Cas Renooij, director of Ghost Fishing, explains how the organization began. “About five years back some people in the Netherlands started to clean up nets from wrecks. It turned into an environmental attempt to not just make the wrecks more attractive, but also to prevent fish from dying in those nets. Later in the process it [saving marine life] became a number one priority.”
Abandoned fishing gear has become a global problem. One report, jointly issued by the Food and Agriculture Organization and the UN Environment Program (UNEP), estimates that 640,000 tons of such abandoned nets are spread across the world’s oceans, comprising up to a staggering 10 percent of oceanic litter.

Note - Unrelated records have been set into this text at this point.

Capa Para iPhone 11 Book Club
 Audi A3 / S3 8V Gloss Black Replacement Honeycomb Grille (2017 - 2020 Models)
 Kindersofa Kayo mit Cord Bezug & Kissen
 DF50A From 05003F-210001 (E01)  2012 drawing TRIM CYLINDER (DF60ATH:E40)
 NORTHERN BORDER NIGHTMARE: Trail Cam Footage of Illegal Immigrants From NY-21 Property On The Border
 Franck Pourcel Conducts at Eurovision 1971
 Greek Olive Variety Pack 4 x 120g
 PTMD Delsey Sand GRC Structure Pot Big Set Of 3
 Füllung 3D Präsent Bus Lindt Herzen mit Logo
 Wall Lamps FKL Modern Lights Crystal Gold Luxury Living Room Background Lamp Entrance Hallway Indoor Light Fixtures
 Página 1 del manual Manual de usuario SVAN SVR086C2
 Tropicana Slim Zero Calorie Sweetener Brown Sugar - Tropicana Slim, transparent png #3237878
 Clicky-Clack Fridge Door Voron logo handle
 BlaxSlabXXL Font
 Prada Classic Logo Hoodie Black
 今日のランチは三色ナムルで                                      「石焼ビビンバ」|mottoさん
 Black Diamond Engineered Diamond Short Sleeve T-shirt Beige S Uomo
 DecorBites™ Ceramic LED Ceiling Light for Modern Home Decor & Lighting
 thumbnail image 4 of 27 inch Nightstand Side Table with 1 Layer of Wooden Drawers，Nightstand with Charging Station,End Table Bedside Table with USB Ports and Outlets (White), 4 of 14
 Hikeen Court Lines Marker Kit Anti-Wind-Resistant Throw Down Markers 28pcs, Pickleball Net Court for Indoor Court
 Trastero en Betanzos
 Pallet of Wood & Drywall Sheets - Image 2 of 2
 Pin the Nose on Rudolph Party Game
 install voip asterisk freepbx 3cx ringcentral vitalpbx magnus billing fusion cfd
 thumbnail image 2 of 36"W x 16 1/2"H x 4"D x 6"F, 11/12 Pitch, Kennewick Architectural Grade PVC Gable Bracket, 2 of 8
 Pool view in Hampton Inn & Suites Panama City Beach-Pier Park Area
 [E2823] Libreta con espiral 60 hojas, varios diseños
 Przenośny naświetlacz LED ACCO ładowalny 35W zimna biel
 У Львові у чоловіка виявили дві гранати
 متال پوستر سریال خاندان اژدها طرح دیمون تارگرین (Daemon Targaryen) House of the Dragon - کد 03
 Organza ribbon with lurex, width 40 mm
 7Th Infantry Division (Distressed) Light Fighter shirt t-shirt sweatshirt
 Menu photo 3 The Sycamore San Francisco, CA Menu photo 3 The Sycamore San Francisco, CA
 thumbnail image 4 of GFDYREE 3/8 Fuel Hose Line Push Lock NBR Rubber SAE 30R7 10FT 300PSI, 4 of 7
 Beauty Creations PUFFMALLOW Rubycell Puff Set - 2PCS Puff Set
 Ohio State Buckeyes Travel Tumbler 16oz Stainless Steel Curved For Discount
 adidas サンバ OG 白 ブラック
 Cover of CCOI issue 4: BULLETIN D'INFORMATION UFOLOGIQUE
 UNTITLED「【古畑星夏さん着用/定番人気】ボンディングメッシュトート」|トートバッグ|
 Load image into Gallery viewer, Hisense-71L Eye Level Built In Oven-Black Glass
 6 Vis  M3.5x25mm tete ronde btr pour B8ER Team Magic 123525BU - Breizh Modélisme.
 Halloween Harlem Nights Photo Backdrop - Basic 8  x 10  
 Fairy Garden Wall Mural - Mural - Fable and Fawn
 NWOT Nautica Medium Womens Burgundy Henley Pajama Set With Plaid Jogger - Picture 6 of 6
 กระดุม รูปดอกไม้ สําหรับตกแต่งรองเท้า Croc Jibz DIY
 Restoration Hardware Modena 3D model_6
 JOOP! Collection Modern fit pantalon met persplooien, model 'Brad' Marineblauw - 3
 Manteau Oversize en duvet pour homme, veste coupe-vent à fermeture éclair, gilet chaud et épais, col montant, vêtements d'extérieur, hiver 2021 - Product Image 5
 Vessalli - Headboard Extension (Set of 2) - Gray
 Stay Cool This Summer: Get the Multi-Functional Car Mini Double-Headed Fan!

In the Puget Sound alone, derelict fishing gear kills over a half million sea-creatures each year, according to a Northwest Straits Marine Conservation Initiative estimate.
Fifty or sixty years ago, nets were commonly made from biodegradable hemp or cotton. With the advent of synthetic, degrade-resistant materials such as nylon, nets now can remain active in the water for hundreds of years. Some plastics can remain in the marine environment for up to 600 years. When gear does finally break apart, further damage is done when marine animals eat plastic particles and polyurethane chemicals leach into the water.
After seeing the destruction wrecked by derelict gear, Ghost Fishing began reaching out for help worldwide. “We looked around to see if there were more initiatives like this in the world, and we actually found some. We also found out there was no connection between them. That’s why we came up with the Ghost Fishing network. We reach out to those groups to give them a platform to get stories told, and raise awareness for the problem. We did some research and found that it wasn’t just a local problem, but a global problem,” says Renooij.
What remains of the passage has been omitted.